Last year, over a million people fell victim to phishing. Not just common citizens, either – presidents of banks, heads of security firms and top CEOs from huge corporations are among the victims. Phishers are good at what they do.
Security isn’t just about defense – it’s about response too. If you believe you’ve been phished, it’s time to take action.
Stay calm. Stay controlled. Fear and confusion are primary weapons of the phisher. Many financial institutions are prepared for phishing events, and in many circumstances, you might even get your money back.

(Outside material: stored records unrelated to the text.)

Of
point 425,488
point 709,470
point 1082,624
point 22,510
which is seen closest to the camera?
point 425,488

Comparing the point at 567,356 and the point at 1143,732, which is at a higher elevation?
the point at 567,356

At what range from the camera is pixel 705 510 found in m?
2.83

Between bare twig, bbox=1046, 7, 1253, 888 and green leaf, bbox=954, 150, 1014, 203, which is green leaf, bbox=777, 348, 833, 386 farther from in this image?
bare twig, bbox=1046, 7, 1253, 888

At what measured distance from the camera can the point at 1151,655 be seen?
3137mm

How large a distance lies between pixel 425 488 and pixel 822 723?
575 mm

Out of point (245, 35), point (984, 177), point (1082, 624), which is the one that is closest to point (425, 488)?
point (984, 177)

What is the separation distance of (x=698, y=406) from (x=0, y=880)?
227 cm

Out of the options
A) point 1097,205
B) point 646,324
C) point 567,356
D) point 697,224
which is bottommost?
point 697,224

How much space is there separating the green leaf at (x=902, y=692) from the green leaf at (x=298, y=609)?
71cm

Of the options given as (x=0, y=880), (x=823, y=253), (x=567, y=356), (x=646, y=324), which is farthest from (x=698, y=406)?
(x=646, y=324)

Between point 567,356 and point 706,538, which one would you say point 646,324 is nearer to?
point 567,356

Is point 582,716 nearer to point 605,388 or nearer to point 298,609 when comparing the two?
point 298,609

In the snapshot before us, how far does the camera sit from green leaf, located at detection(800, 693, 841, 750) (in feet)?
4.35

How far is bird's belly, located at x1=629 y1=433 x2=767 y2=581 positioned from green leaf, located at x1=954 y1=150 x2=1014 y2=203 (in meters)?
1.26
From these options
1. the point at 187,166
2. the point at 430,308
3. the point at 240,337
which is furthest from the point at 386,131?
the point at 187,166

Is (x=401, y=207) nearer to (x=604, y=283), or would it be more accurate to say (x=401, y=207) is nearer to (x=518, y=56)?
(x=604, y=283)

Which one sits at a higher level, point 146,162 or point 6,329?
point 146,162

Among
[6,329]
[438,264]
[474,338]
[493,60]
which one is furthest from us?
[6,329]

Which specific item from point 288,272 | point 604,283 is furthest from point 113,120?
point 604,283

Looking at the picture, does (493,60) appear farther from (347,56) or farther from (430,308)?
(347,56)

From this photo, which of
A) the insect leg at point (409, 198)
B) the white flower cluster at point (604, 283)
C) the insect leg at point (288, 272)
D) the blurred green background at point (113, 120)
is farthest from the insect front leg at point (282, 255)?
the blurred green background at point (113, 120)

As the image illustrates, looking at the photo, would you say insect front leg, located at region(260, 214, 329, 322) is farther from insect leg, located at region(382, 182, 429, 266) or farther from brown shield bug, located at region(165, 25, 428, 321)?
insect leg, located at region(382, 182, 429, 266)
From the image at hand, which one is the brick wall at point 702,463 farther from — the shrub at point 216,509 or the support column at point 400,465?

It’s time to make some phone calls.
Close Compromised Accounts
Call the credit union if your accounts or debit card information has been leaked. Call your credit card provider if your card number has been lost or stolen. The thieves must be stopped from using your data.

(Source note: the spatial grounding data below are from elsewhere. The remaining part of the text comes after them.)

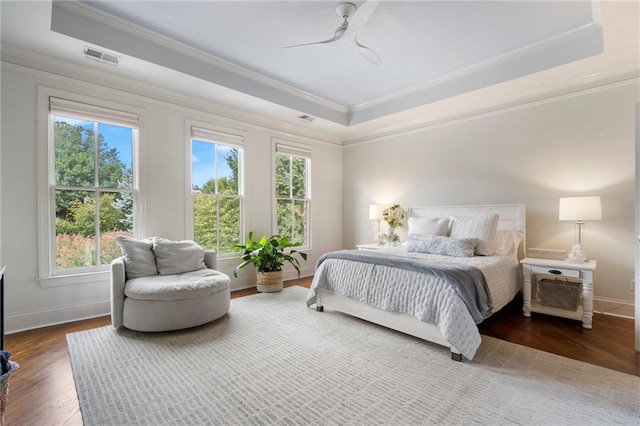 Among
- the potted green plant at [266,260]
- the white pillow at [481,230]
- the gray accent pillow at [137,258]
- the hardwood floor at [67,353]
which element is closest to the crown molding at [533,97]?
the white pillow at [481,230]

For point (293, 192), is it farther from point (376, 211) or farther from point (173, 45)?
point (173, 45)

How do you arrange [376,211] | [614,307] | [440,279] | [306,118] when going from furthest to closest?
[376,211], [306,118], [614,307], [440,279]

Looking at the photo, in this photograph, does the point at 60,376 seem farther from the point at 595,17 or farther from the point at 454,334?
the point at 595,17

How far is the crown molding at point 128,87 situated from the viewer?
9.52ft

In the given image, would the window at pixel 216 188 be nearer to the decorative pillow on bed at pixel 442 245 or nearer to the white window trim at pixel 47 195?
the white window trim at pixel 47 195

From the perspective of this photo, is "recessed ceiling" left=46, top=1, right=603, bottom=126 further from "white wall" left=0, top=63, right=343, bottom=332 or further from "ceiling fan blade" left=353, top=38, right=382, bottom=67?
"white wall" left=0, top=63, right=343, bottom=332

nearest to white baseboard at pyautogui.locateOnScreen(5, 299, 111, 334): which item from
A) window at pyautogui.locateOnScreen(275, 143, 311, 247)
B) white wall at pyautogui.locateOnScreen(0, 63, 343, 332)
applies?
white wall at pyautogui.locateOnScreen(0, 63, 343, 332)

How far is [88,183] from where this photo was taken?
3336 mm

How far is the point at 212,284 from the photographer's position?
3014 mm

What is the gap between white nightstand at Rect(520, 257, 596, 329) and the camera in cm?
289

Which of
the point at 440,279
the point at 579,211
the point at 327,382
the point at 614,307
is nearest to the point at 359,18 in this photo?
the point at 440,279

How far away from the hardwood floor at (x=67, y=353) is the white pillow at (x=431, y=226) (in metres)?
1.18

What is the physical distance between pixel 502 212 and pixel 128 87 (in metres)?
4.96

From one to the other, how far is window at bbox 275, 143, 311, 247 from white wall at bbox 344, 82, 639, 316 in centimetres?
178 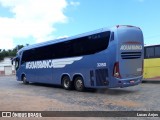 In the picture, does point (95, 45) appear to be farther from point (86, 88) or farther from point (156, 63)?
point (156, 63)

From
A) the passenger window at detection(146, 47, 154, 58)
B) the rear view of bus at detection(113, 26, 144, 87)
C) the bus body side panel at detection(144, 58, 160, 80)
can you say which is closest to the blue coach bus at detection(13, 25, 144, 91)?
the rear view of bus at detection(113, 26, 144, 87)

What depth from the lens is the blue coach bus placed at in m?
16.3

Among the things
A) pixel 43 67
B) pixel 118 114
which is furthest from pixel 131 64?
pixel 43 67

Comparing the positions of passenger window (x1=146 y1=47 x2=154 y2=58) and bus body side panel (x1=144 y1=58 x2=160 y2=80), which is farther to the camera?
passenger window (x1=146 y1=47 x2=154 y2=58)

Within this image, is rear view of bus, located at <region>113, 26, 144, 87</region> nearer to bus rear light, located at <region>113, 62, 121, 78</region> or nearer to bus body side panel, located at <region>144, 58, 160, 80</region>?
bus rear light, located at <region>113, 62, 121, 78</region>

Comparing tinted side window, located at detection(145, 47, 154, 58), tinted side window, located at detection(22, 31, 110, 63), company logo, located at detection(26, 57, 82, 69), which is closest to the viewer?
tinted side window, located at detection(22, 31, 110, 63)

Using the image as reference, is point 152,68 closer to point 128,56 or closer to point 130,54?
point 130,54

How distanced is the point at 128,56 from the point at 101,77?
1719mm

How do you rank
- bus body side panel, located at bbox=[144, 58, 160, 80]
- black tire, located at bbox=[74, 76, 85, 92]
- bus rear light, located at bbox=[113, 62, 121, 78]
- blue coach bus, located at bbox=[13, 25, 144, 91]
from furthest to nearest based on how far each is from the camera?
1. bus body side panel, located at bbox=[144, 58, 160, 80]
2. black tire, located at bbox=[74, 76, 85, 92]
3. blue coach bus, located at bbox=[13, 25, 144, 91]
4. bus rear light, located at bbox=[113, 62, 121, 78]

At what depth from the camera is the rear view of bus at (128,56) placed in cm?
1622

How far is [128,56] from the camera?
16.6 m

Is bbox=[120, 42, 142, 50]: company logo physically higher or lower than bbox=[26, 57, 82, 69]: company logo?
higher

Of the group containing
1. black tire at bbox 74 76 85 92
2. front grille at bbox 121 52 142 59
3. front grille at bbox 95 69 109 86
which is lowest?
black tire at bbox 74 76 85 92

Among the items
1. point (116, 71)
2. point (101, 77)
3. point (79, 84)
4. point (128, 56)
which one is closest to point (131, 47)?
point (128, 56) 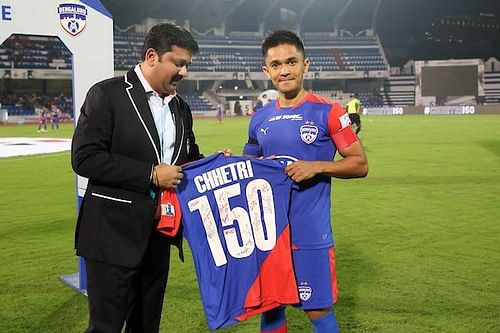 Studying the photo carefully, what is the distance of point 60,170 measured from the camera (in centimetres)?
1436

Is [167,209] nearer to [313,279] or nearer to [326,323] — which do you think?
[313,279]

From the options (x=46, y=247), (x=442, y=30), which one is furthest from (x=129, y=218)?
(x=442, y=30)

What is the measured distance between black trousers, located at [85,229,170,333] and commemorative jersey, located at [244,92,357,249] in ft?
2.49

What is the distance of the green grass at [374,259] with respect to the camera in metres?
4.48

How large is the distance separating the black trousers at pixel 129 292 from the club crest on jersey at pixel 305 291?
2.48 feet

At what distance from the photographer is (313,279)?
10.1 feet

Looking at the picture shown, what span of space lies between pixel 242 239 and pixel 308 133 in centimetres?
67

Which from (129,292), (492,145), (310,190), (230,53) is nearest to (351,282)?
(310,190)

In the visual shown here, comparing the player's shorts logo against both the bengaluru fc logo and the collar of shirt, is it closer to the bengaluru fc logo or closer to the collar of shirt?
the collar of shirt

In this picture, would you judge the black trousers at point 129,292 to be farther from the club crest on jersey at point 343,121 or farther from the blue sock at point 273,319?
the club crest on jersey at point 343,121

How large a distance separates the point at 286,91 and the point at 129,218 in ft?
3.56

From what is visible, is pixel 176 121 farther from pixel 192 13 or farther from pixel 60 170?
pixel 192 13

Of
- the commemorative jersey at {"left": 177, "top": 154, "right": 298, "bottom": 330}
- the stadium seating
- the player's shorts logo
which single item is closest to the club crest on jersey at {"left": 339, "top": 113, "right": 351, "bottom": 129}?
the player's shorts logo

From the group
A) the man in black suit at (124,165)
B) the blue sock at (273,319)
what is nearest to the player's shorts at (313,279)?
the blue sock at (273,319) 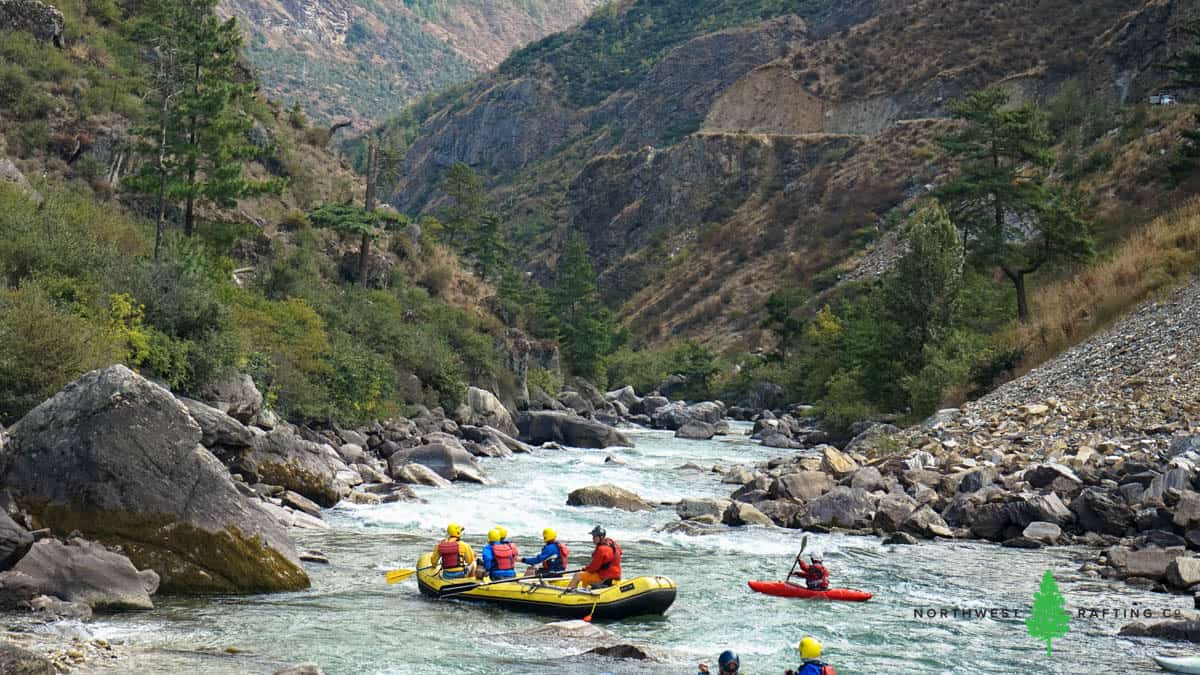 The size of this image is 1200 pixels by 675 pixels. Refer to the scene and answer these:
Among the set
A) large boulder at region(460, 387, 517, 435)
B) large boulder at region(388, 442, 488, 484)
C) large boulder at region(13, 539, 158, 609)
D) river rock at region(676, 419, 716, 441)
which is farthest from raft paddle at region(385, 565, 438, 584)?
river rock at region(676, 419, 716, 441)

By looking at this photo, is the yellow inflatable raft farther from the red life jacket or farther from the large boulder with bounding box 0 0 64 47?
the large boulder with bounding box 0 0 64 47

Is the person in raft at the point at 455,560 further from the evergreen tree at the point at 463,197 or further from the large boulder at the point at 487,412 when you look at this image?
the evergreen tree at the point at 463,197

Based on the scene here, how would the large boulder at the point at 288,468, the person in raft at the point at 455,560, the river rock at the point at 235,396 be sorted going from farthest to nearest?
the river rock at the point at 235,396
the large boulder at the point at 288,468
the person in raft at the point at 455,560

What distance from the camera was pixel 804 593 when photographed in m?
14.8

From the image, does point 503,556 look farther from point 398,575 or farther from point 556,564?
point 398,575

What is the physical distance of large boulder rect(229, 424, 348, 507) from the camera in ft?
67.9

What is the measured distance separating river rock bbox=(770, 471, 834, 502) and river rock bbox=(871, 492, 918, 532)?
7.16 feet

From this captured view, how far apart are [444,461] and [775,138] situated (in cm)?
8134

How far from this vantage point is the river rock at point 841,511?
66.1 ft

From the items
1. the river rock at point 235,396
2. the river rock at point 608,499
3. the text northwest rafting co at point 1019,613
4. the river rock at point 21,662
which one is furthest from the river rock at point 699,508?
the river rock at point 21,662

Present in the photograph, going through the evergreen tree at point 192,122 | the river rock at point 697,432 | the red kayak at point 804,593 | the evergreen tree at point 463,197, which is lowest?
the red kayak at point 804,593

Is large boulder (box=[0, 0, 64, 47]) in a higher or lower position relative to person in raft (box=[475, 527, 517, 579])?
higher

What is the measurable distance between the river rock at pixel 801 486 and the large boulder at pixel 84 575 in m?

The customer service agents will need as many details as you can provide about what happened. Make notes about who you talked to, what information you let out, and when the incident occurred.
If you fail to inform the proper institutions in a timely manner, you’ll likely lose any refund you would have coming to you. You need to act quickly. Don’t worry, you will be issued new accounts and cards.

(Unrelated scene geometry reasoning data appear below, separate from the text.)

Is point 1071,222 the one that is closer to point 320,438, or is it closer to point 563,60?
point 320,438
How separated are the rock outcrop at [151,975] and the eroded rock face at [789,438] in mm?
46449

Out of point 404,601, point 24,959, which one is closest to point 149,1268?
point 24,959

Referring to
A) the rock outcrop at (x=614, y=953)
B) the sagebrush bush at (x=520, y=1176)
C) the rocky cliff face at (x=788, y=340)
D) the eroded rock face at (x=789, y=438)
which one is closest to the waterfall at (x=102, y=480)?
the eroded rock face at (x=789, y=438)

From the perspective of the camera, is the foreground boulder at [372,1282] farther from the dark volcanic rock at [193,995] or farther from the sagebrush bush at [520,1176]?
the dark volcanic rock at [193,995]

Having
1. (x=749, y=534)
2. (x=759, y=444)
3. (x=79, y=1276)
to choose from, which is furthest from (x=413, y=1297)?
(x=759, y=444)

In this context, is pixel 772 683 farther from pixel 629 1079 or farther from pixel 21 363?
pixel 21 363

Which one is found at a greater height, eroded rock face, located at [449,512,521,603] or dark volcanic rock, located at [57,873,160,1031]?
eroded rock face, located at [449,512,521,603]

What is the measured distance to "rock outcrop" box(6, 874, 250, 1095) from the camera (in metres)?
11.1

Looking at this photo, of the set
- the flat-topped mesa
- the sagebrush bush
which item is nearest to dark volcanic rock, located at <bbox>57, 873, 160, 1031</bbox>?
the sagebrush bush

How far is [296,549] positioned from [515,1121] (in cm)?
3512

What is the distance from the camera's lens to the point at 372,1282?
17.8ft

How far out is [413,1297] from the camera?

Contact One of the Major Credit Bureaus
- Equifax: 1-888-766-0008
- Experian: 1-888-397-3742
- TransUnion: 1-800-680-7289
This step will guard against the phishers opening any new accounts in your name.
Whichever bureau you contact is required to notify the other two. A fraud alert will be placed on your credit report for ninety days; you may request a seven-year alert with the proper paperwork. Note: if you’re applying for credit during an alert, you will be required to provide additional proof of your identity. This may cause additional delays in securing credit for yourself. It’s a small price for your financial security, but just be aware.
Additionally, you can request an active duty alert, which will automatically opt you out of pre-screen credit and insurance offers for up to two years.
You’ll also be entitled to a copy of your credit report. Get it and review the information for any fraudulent activity.
Call the Police
Phishing is a crime. Call the police and file a report. Be sure to get a copy of that report for yourself – it will come in handy during the cleanup phase.
Some local authorities don’t take reports for phishing. Be persistent. The FTC suggests you file a Miscellaneous Incident Report instead, if that’s what it takes. You’ll need some kind of documentation you reported the incident to the authorities.
File a Complaint with the FTC
By filing your incident with the Federal Trade Commission, you’re contributing to a national database of identity theft data used by law enforcement officials across the country. The FTC will refer to you to additional agencies and companies based on your individual experiences.
To file a complaint, call the FTC’s Identity Theft Hotline, toll-free: 1-877-ID-THEFT (438-4338).
You can also file a complaint online at OnGuard Online, an informative site sponsored by the FTC and the Department of Homeland Security.
Contact Other Agencies
Depending on your situation, you may need to contact other agencies. If the bad guys used your driver’s license number, you’ll want to call your DMV or Secretary of State. Same goes for your Social Security number and the Social Security Administration.